The contents are not above average merit, judging them by the standards of undergraduate composition. Of the three poems, the most ambitious and decidedly the best is "Nobody's Land." One passes indifferently over the trite "heart-story" which lies behind this rhapsody and forgives Mr. Jopling some melodramatic lines, content to find in him true appreciation of the great western desert and a gift of expression which sometimes reaches eloquence. There is nothing to praise, in Mr. Murdock's effusion on "The Game." It embodies an idea latent in the minds of many people, that poetry means making similes and the more the better. Mr. Sanger's poem on election which knows no form. It might go on forever, or it might be cut down by three stanzas without great damage; and any one stanza might follow any other. Yet the poem is not without a terse effectiveness.
Distinctly the best work is done in the essays where undergraduate work usually is best. Mr. Whistlerr's plea for strict nonprofessionalism in amateur athletics stands out as the most noteworthy contribution to the magazine.

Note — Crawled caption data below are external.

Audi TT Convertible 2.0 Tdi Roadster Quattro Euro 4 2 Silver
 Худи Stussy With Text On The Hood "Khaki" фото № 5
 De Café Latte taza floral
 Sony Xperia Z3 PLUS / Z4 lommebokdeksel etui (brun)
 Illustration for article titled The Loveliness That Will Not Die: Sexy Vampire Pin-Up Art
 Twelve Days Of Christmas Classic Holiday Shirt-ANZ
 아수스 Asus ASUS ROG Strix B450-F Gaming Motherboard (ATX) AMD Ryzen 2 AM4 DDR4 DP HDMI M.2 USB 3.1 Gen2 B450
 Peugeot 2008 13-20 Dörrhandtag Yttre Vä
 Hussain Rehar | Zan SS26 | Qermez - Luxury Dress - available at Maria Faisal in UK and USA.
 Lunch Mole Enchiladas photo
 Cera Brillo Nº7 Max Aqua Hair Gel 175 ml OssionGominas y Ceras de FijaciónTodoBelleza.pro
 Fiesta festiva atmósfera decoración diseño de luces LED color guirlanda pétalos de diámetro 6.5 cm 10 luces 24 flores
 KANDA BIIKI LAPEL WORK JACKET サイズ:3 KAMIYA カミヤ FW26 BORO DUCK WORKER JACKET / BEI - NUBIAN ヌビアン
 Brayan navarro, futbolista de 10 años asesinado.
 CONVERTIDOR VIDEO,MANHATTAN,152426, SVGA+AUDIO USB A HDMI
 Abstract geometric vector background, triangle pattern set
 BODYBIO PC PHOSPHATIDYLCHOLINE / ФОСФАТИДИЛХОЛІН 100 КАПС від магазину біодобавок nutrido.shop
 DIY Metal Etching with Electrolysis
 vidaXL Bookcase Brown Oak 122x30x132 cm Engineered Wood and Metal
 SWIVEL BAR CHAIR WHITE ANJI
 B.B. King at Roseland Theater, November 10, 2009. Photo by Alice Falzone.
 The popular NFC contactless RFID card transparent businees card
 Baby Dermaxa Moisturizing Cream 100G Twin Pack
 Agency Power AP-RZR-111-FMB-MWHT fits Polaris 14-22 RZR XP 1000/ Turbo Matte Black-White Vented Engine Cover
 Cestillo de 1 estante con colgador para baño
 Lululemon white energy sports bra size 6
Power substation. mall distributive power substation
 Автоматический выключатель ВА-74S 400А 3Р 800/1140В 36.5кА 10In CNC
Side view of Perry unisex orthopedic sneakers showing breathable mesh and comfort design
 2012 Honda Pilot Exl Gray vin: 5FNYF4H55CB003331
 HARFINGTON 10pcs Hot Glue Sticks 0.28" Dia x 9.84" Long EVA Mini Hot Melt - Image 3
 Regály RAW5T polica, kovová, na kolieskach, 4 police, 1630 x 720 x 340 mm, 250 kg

The exposition is admirably clear and just, the illustrations are well chosen, and there is a maturity in the style which is most grateful to the reader. "The Joy of being a Freshman," by Mr. Murdock, is in humorous vein, and enjoys a real merit among pieces of its kind in making fun moderately and in having a vital subject. The writer has discovered a truth is too late,--that of all four years at college there are only two which really count, the last and the first.
The stories are the least satisfactory part of the Advocate's contents. Mr. Larrabee's narrative of conversion and the mysterious ways of Providence is slow in starting and foggy in psychology. We have no faith in the hero's change of heart, for he is ever a creature of impulse and moves when and where his creator would have him. "Borrowing a Smile," by Mr. Clark, save that it is more firmly constructed than the other story, has little to recommend it. The moral is hackneyed, and the subject is just such a one as would suit a Munsey "storiette." To say that it is banal and trifling is to be as severe as courtesy allows.